Baseball is a game that lends itself to spoken description in ways that basketball, hockey and football simply do not. For example:

...The unique dimensions and character of individual ballparks, like Boston's Green Monster or Montreal's crickets (criquets?), allow the radio announcer to tell you exactly where the action is at any given moment. The uniformity and continual two-way movement along an ice rink, a basketball court or a gridiron simply cannot hope to be as interesting.

...The generally one-dimensional direction of play (mostly outward from home plate or back towards the infield), makes it easier for the listener to focus his mind's eye on whomever has the ball, where the ball is headed and what it's doing or has just done.

...Te ease with which the men who participate in the game can be seen, due to the relative lack of equipment on their persons (Barry Bonds' and Gary Sheffield's front elbows notwithstanding), allows the radio announcer to paint a much more descriptive portrait of the players's appearances than you can in say, football. Compare:

"McGuire steps in, a Hercules of a man at 6'5", 230 pounds of sheer muscle, rippling beneath the polyester double-knit uniform. He holds the bat with the ease of a flyswatter, weilding it as an ordinary man would a Wifle ball bat, as he prepares to swing. And here comes the pitcher's delivery...it's a fastball inside and McGuire's tied up, he grounds weakly to second and the inning is over. That's right folks, this Mr. Olympia of baseball was brought to his knees by the local office manager from H&R Block. Oh, wait. Sorry, folks, that was Greg Maddux."

or...

"And Steve Young is down, he appears to have a concussion, again. He was sacked by...number 68, a 360-pound lineman from Fresno State who looks like, well, a big fat guy in tight pants."

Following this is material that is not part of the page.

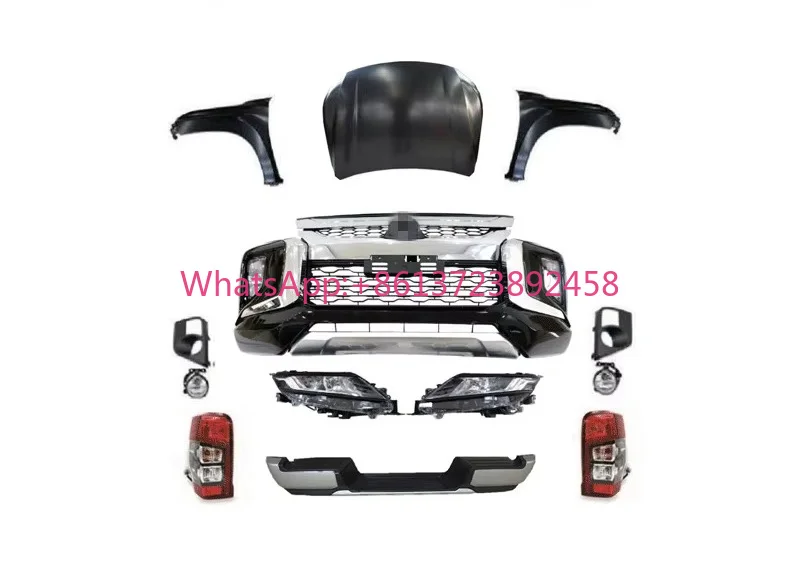 Car Front Rear Bumper Facelift Wide Conversion Bodykit Body Kit for Mitsubishi Triton L200 2015-2019 Change Upgrade to 2020 2021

...The variation of physical stature in the players themselves makes us all feel as though it could almost be us out there. Players as varied in size and shape as Jeff Nelson (6'8" 240 lbs.), Nellie Fox (5'9" 150), Rich Garces (6'0" 250), and Darryl Strawberry (6'6" 200) have all enjoyed at least a reasonable degree of success in Major League Baseball. You don't have to be a physical freak to succeed in baseball, like you do in basketball or football. We can all relate to it better.

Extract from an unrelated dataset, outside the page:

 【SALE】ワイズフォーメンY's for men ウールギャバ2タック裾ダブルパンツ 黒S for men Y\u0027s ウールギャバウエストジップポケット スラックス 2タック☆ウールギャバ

With that said, the Yankees announcers did a less than admirable job in understanding and describing some of the events of the melee on Saturday afternoon. When Pedro Martinez (henceforth to be known as "Punk-Ass") threw at karim Garcia's head, John Sterling and Charlie Steiner spent more time trying to discern whether the ball hit Garcia's bat than informing the rest of us that Punk-Ass was taunting the Yankee bench and threatening to bean Jorge Posada, who would have been a much greater loss to the Yankee cause than Garcia, frankly. Eventually they told us that the guys on the bench were screaming at Pedro, but I'm not sure they ever mentioned the taunting from Punk-Ass.

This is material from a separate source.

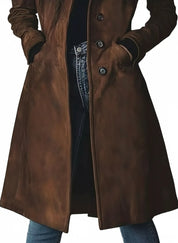 Brown leather button-up long sleeve trench coat with pockets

"If I weren't such a gutless coward, 

you'd really be in trouble!"


Later on, when Manny Ramirez ("Dumb-Ass") ducked to get away from a Roger Clemens pitch that wouldn't have hit him if he were standing a foot closer to it, and all hell broke loose, Steiner told us at first that David Wells had been knocked to the ground by Punk-Ass, when, in fact, it turned out that Don Zimmer actually did the stop, flop and roll. Wells (6'4", 250+), as we alls wells knows, knows how to handle himself in a fight, and would not likely have toppled so readily to a man (and I use the term loosley) who stands 5 inches shorter and weighs 180 pounds dripping wet and carrying a bag of Quikrete. Steiner corrected himself quickly, but still...

The Yankees were, as you may recall, pretty bummed when the Red Sox traded Carl Pavano, Tony Armas Jr. and another young pitcher (anyone remember whom?) to Montreal and then signed Pedro to that ~$15 million/year contract, but for my money (and some of it is...) I'll take a boring, composed, college boy like Mussina over a punk-ass like Punk Ass anyday. Didn't see the Moose letting loose at Trot Nixon's head when it looked like he was about to take his third defeat of the postseason, did you?

"...And now Mussina holds the ball, And now he lets it go,
And now Trot's skull is shattered! The blood from his head doth flow!"


Not exactly the classic picture of good, old-fashioned American sport Ernest Thayer imagined, is it?